Interstitial K+ ([K+]o) regulation is required to counteract activity-induced increases in [K+]o that result from release of K+ from neural compartments. Such buffering has been assumed as the sole responsibility of astrocytes in central tissue. Astrocytes display a range of transporters, pumps, and ion channels that facilitate this buffering. Evolution has taken advantage of such transient [K+]o elevations which act as a molecule signalling astrocytes a neuronal need for energy substrate, provided by lactate release from astrocytes.

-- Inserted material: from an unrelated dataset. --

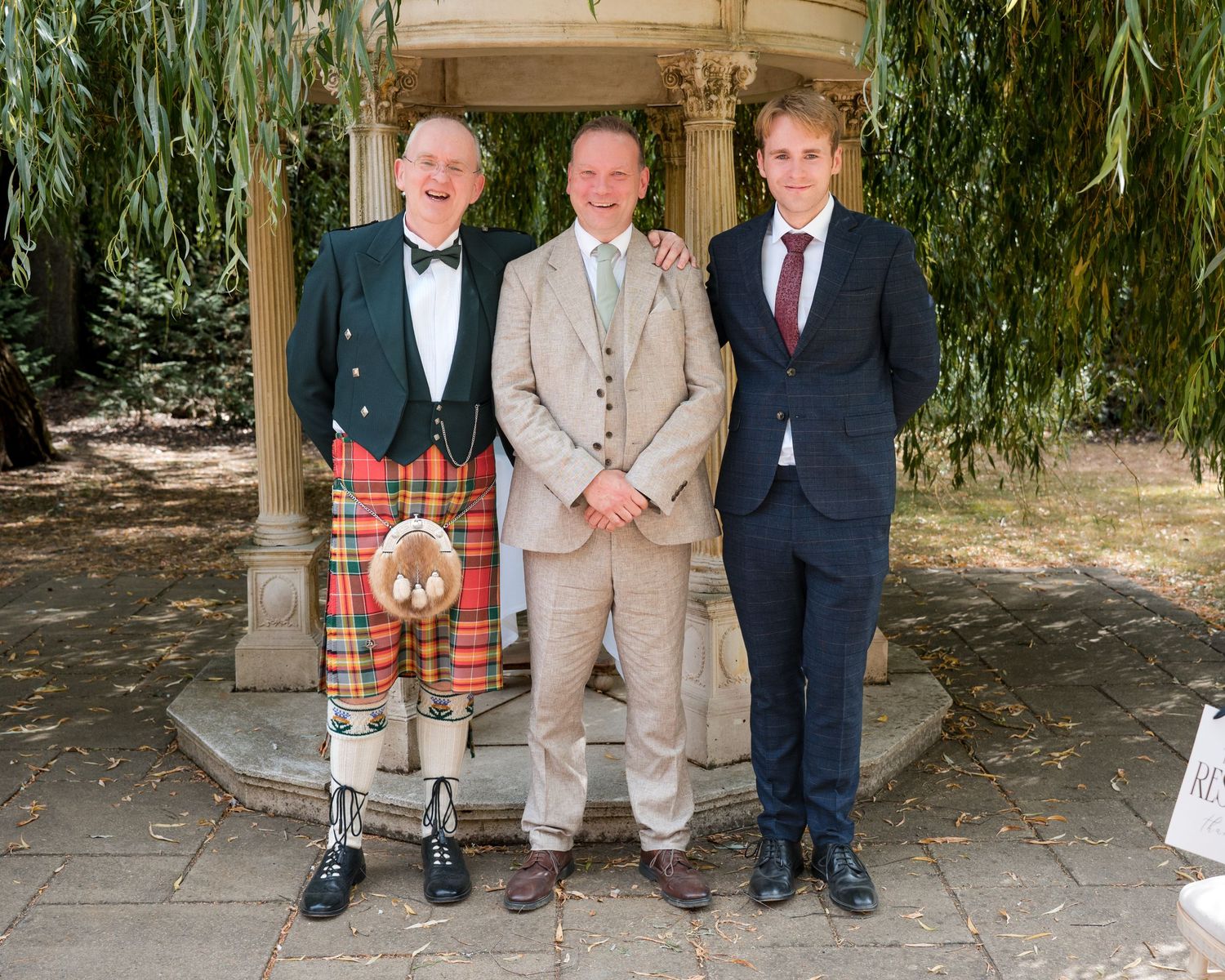 Three men posing outdoors, one wearing a traditional Scottish kilt, at a formal garden wedding celebration.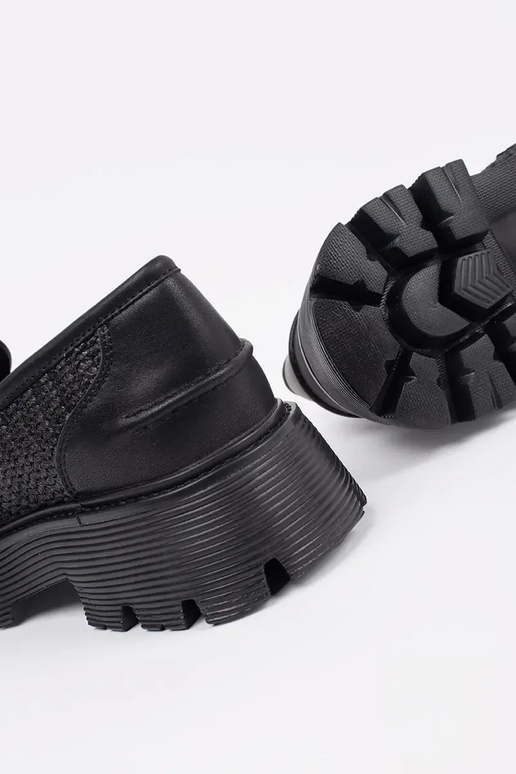 black INomens moccasins Inith a gold...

The ex vivo optic nerves from 74 adult female CD-1 mice were sustained in a superfusion chamber bathed with artificial cerebrospinal fluid (aCSF) containing 3 mM [K+] and 95% O2 to support conduction over a period of many hours. All experiments were approved by the University of Nottingham Animal Care and Ethics Committee and were carried out in accordance with the Animals (Scientific Procedures) Act 1986 under the appropriate authority of establishment (NON ASPA 2321). The stimulus evoked compound action potential (CAP) and [K+]o were simultaneously recorded with suction electrodes, and ion sensitive micro-electrodes, respectively.
When the ex vivo mouse optic nerve was exposed to a stress aCSF that contained elevated [K+] (9 mM) with glucose substituted by lactate, unique spontaneous recurrent reciprocal [K+]o and CAP oscillations occurred. The oscillations started within 9.1 ± 5.6 min (n = 11) of exposure to stress aCSF, at a frequency of 0.34 ± 0.06 min−1, and lasted for several hours. Powerful buffering ensured that [K+]o did not match aCSF [K+], e.g. in 9 mM aCSF [K+] the [K+]o was 4.44 ± 1.3 mM (n = 4). The mechanism of the oscillations was deduced via application of metabolic inhibitors, and transporter and ion channel blockers. The onset of the oscillations coincided with cessation of astrocytic metabolism, where the CAP fell coincident with an elevation in interstitial [K+]o at a rate of 2.72 ± 1.31mM min−1 (n = 5) towards aCSF [K+]. This elevated [K+]o activated voltage gated Na+ channels, leading to axonal Na+ influx and activation of the axonal Na-K ATPase. The resulting Na+ efflux from the axon to the interstitial space was matched with an influx of K+ from the interstitial space into the axon, reflected in a fall in [K+]o at a rate of 1.40 ± 0.71mM min−1 (n = 5). This was a transient effect, which stopped when [K+]o fell below the threshold required for Na+ channel activation.
This cyclical oscillatory behaviour continued indefinitely until either glucose (n = 6) or 3 mM K+ (n = 5) were restored to the aCSF. These oscillations exposed the inability of astrocytes to utilise interstitial lactate as a energy substrate, and also highlighted the previously unrecognised extremely powerful axonal [K+]o buffering.